Quello che invece è mancato del tutto a Sharm el-Sheikh un anno fa, e che sicuramente mancherà anche a Dubai – è già una certezza – è il tema della riduzione delle emissioni climalteranti, vero punto-chiave dell’Accordo di Parigi. Complice il remix geoenergetico seguito all’invasione russa dell’Ucraina, alla guerra nel Caucaso e più recentemente in Medio Oriente, nessun grande Paese presenterà nuovi piani nazionali sul clima (NDC) e Arabia Saudita e altri Paesi hanno già anticipato in sede di pre-COP che nei testi e negli obiettivi non si parlerà neanche quest’anno di “phase-out” dalle fonti fossili – i tempi politici non sembrano maturi per una loro non-contrarietà.

COP28 sarà però anche la COP, non dimentichiamolo, del primo global stocktake. Una prima occasione formale e programmata per fare il punto, collettivamente, su quanto fatto fino ad oggi per rilanciare l’ambizione globale. Lo stocktake è un appuntamento periodico previsto dall’Accordo di Parigi, un punto di analisi collettiva e condivisione dei risultati atto a preparare l’adozione di nuovi e più ambiziosi piani nazionali che dovrebbero pervenire all’ONU entro il 2025, ossia entro la COP30 brasiliana di Belém. Sarà sicuramente interessante seguire i lavori e capire cosa, e come, i Paesi scriveranno nel testo finale di questa COP: la decisione-ombrello finale di quest’anno, infatti, dovrebbe partire proprio da quanto emerso nel processo di stocktaking e rilanciare l’ambizione verso il 2024 e il 2025. Si tratterà pertanto di un testo profondamente politico e programmatico, sul quale influirà moltissimo il carattere della Presidenza emiratina nel gestire il lavoro d’aula ed eventuali voci critiche – e del quale tuttavia pare non esistano ancora bozze negoziali sufficientemente mature a così pochi giorni dall’inizio della COP.
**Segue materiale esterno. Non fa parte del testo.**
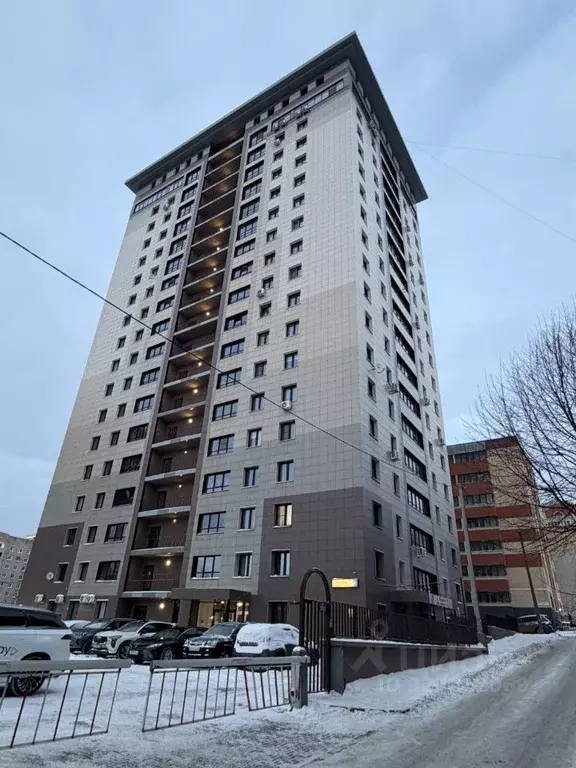 2-к кв. Кировская область, Киров Мининский мкр, ул. Тургенева, 12 ... - Фото 1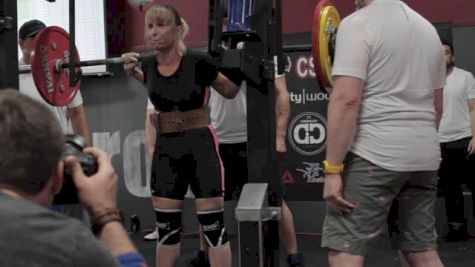 Leah Hardesty | Squat 3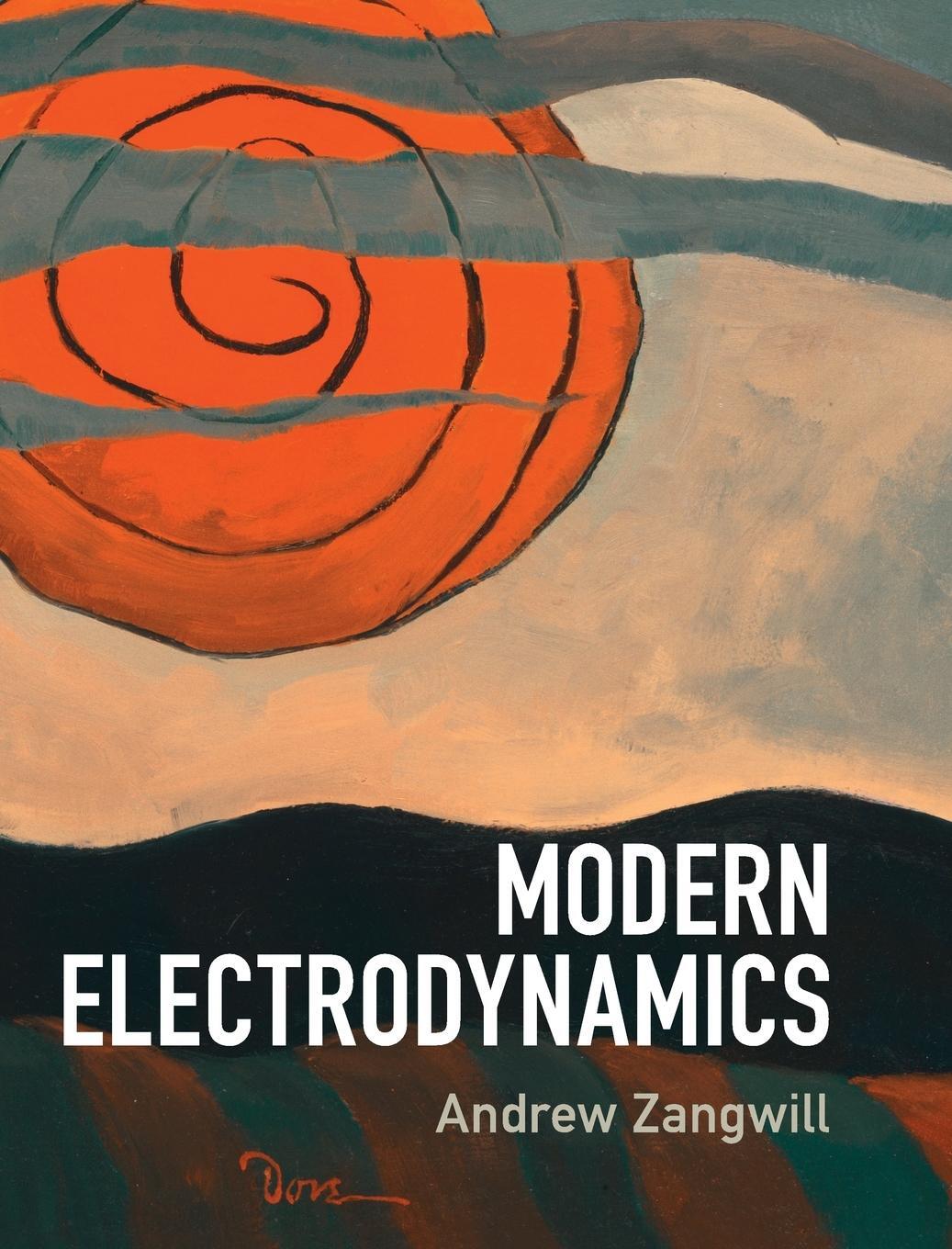 Cover: 9780521896979 | Modern Electrodynamics | Andrew Zangwill | Buch | Englisch | 2019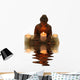 Buddha Wall Decal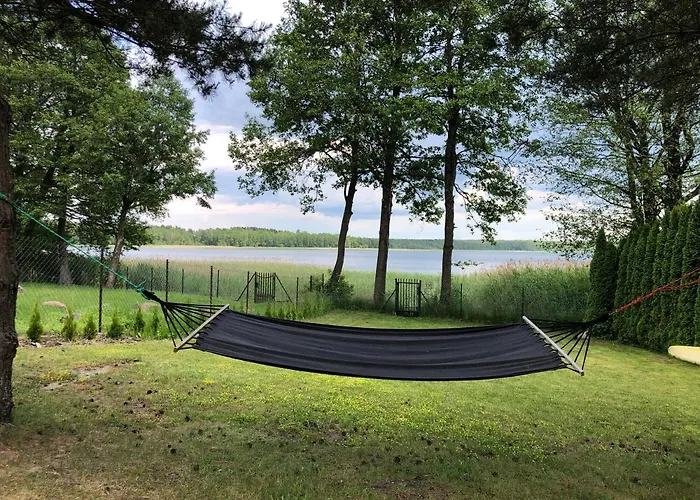 Дом отдыха Horyzont Walpusz Щитно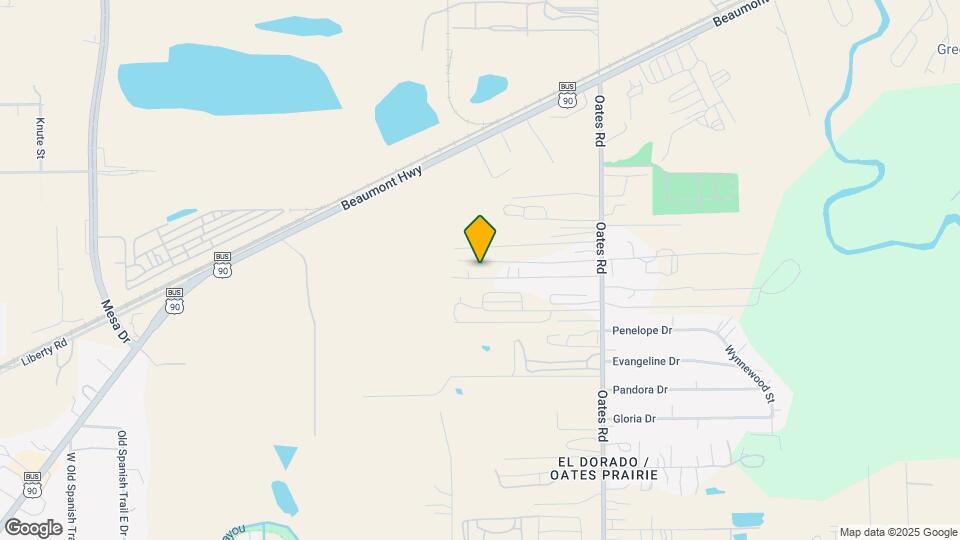 10645 Oak Brook Dr Map and Location Details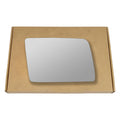 Side View Replacement Wing Mirror Glass for Vauxhall Corsa A (also called Vauxhall Nova) 1982-1993 Convex Right Driver off side RHS O/S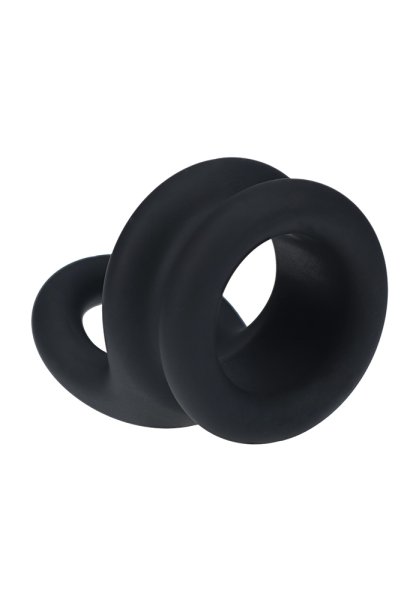 Levelz Wide Double O Cock Ring Small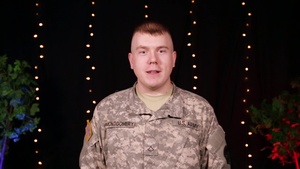 PFC Uriah J. Montgomery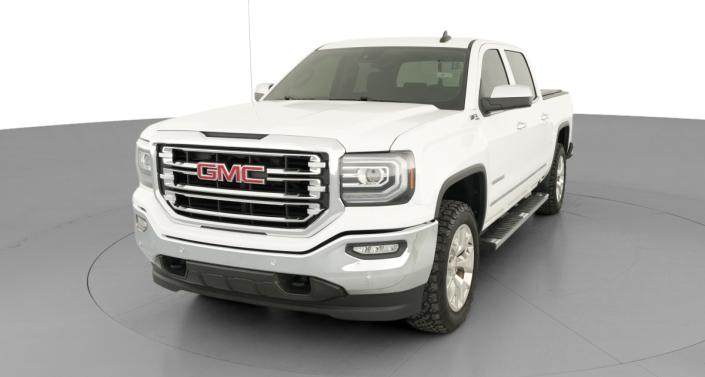 2017 GMC Sierra 1500 SLT -
                West Memphis, AR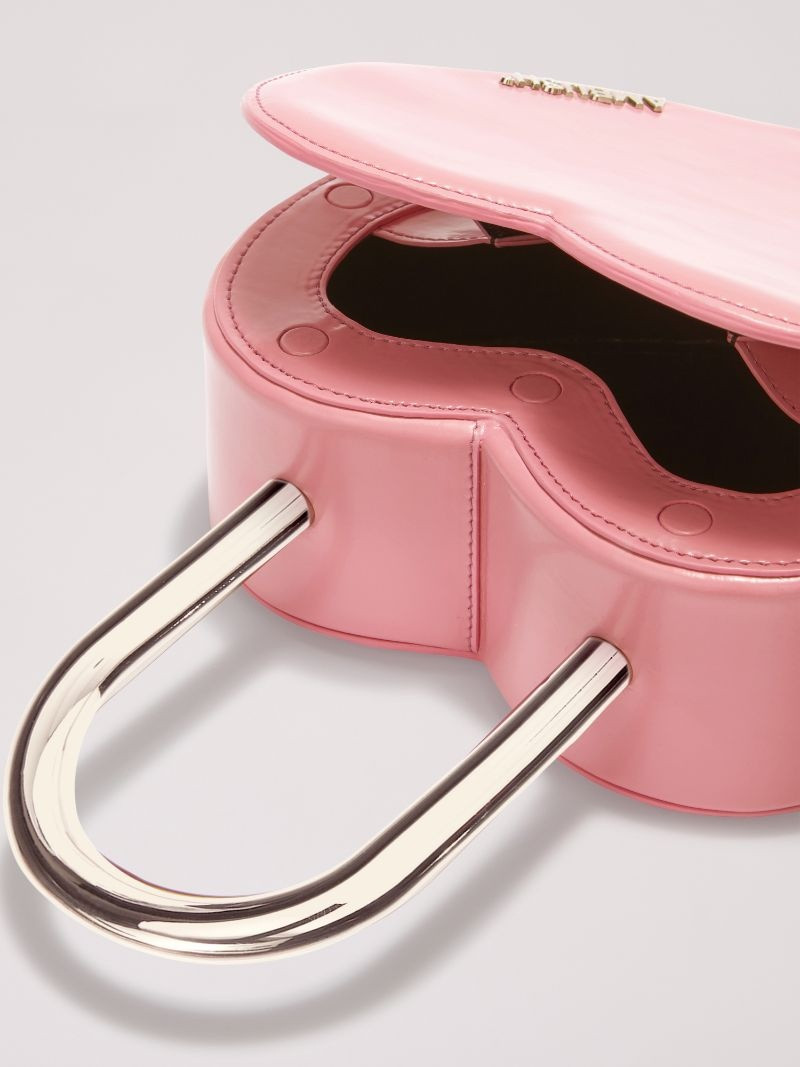 Heart Padlock Bag 4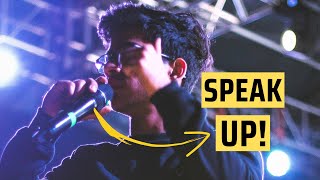 5 ways to SPEAK UP without FREAKING OUT!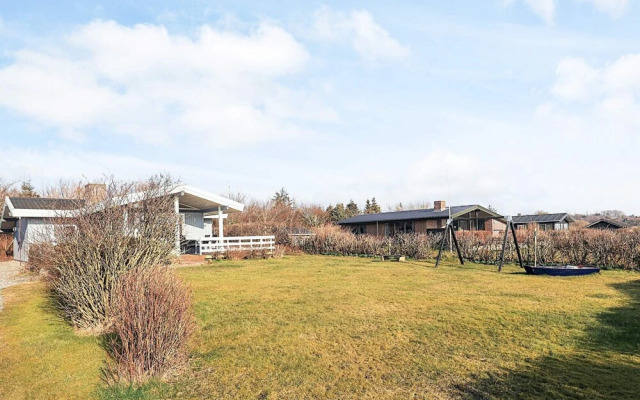 6 Person Holiday Home in Spottrup-by Traum
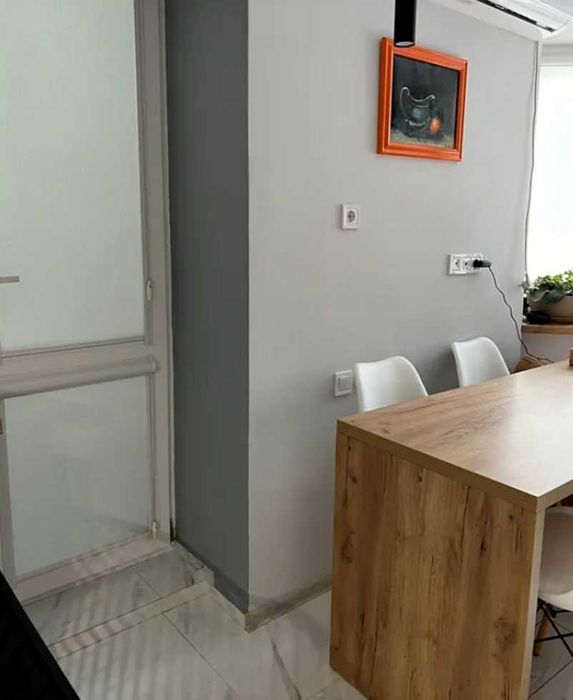 1 кім на Наливайка в новобудові з меблями та технікою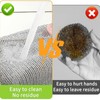 10 Pcs Wire Cleaning Cloths - Multifunctional Non-scratch Wire Dishcloths,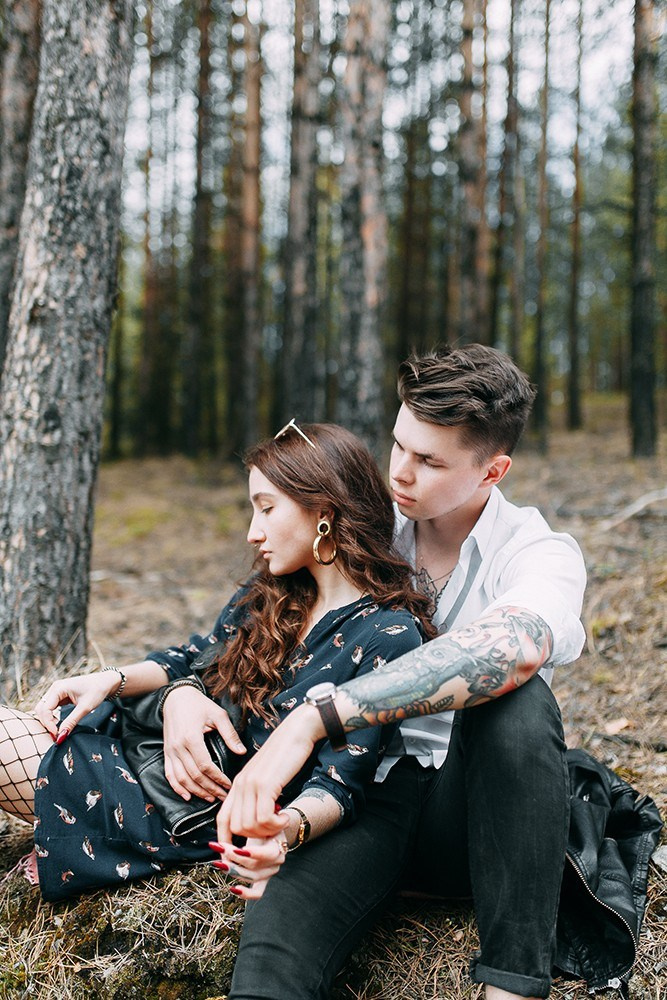 Иван и Настя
Tutti questi temi verranno discussi contemporaneamente, su più tavoli e su più livelli, come in ogni COP sul clima. Nell’urgenza dettata dall’accelerazione della crisi climatica, tuttavia, il sistema ha oggi bisogno di riacquisire credibilità e di produrre risultati politici equilibrati (ma decisi) tra mitigazione, adattamento e finanza, accettabili politicamente dai diversi gruppi negoziali e quindi frutto di utili compromessi che tengano insieme ambizione e compartecipazione agli sforzi, da parte dei responsabili storici come dei nuovi inquinatori.